Hull has always had more than its fair share of philanthropists. In boom times the likes of Christopher Pickering, Thomas Ferens and James Reckitt used their industrial wealth to build parks, almhouses and art galleries all over the city. Their names are to be found on the buildings and streets they helped create and they stand as a permanent memorial to their generosity.
In recent years, the name most likely to join this illustrious list is that of Malcolm Scott. Malcolm made his money from property and now sits on virtually every business and community board in the city. He’s the man who tried to buy the Humber Bridge (which lead directly to tolls being halved), he opened a recording studio for young musicians in the city’s resurgent Fruit Market and now he has turned a city centre office block he owns into an experimental theatre space, arts studio and café bar/restaurant.
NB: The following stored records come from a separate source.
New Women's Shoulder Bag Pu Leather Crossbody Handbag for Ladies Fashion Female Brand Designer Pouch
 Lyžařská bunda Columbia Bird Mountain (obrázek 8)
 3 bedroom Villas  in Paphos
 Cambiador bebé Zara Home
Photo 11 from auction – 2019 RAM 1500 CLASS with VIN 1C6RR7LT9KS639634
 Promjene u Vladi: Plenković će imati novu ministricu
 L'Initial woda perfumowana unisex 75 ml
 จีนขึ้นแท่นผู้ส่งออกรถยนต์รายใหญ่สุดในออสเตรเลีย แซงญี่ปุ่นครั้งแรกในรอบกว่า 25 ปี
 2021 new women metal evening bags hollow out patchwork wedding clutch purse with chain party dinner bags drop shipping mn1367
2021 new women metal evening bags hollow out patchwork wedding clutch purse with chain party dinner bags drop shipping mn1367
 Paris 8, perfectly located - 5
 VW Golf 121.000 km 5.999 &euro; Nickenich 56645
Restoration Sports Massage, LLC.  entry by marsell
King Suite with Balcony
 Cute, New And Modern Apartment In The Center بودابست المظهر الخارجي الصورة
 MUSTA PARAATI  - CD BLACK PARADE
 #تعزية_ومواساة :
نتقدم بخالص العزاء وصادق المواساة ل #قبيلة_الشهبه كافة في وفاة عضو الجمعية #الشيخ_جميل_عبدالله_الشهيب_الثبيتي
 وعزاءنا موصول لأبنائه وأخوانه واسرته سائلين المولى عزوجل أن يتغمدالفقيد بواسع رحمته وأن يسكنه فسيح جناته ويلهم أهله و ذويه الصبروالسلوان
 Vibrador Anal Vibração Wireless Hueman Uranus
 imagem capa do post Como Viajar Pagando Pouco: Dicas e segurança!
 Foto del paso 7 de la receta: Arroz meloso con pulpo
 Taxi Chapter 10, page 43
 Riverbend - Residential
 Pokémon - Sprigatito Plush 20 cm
All while being a very nice fella.
Since opening a few months ago Kardomah94 – it’s a slightly clumsy handle, I know, but you get used to it – has become a fantastically popular daytime meet and eat venue for Hull’s creative community and passing shoppers and an even more popular night-time eatery for those visiting to watch a play. It sits on the ground floor of the office block, the theatre on the left and the bar and restaurant on the right. Upstairs is a creative arts studio and there are no doubt plans to eventually fill every floor above with similar creative enterprises.
Malcolm persuaded Hull-born opera singer Amy Dickinson, who used to run a successful bistro elsewhere in the town, to look after the grub and she’s designed a short, simple Mediterranean-based menu made up mainly of pizzas, salads and sharing platters. Amy has also been known to pop up in performances in the theatre after her day shift in the kitchen.
The dining space is all bare floors, exposed lighting and art by local artists. I’ve visited a half dozen times now and I prefer to lounge in the settees by the window as they provide a comfy place to recuperate after your meal; the portions at Kardomah, you see, are massive. The K94 antipasti sharing board, for instance, comes with three or four different cured meats, a pile of sun dried tomatoes, a couple of chunks of thick cut fresh olive bread, buffalo mozzarella, a dish of olives, a dressed rocket and parmesan salad, red onion marmalade and dipping oil. It’s £9.50 and could probably feed three people. I foolishly tackled one by myself and couldn’t get through half of it. And I know how to eat.
Slightly more manageable are the salads. The caprese still heaps up inside a decent sized bowl, though, and the Italiano is a huge bowl filled with mixed leaf, pastrami, salami, olives, parmesan, balsamic and seasoned with rock salt and crushed pepper. Both are as tasty and hearty a salad as you’re likely to encounter.
Winner in the outrageous vastness stakes, though, are the pizzas. They’re a good foot-and-a-half long and the wafer-thin, crispy, undulating bases creep off the edge of the board they’re served on in an apparent attempt to escape the table. They are covered with a generous serving of toppings and are pretty much impossible to finish by yourself. The first time I ate at Kardomah, the waitress offered me a doggie bag for the leftovers as she set the pizza down. I didn’t even get chance to fail to finish it before being called a wuss.
I can recommend the Birdman (a layer of pesto, chunks of chicken, and rocket and parmesan salad) and the Carnivore, which features – deep breath – bacon, chorizo, Lincolnshire sausage, meat balls, chicken, mozzarella and Napoli sauce. You may think that this constitutes far too many toppings. You are wrong. It constitutes far, far too many, but trust me you won’t complain when it appears in front of you; it’s a proper feast. I’ve yet to try the pepperoni but that’s next on my list, purely for the wonderful description on the menu – ‘Pepperoni finished off with pepperoni served on a bed of pepperoni. May contain pepperoni.’
Pizzas are £8-£11 and there really is no arguing with Kardomah’s pricing or portion size policies. They could maybe do with a few more puds, though. During the day there is local ice cream or a huge portion of cake (the carrot cake is particularly good) on offer, but that’s it. No other choices. Actually, considering the size of the main meals, few people could actually face afters.
You can tell that I’m a huge fan of Kardomah94.
When it opened I thought it was a brave, philanthropic venture but I had my doubts that it would work. However, Malcolm, Amy and a small community of staff and theatre and arty types have come together and created something of real worth from a lifeless, grey office block.
Whatever time of day you visit, Kardomah has a friendly, buzzy, creative atmosphere and it’s very pleasing that it has swiftly found a place in the hearts (and stomachs) of the people of Hull.
Kardomah94, 94 Alfred Gelder Street, Hull HU1 2AN. 01482 317 941, www.kardomah94.co.uk
Open: Monday to Thursday, 10am-11pm; Friday and Saturday, 11am to 12am. Sunday, only open if the theatre has a performance.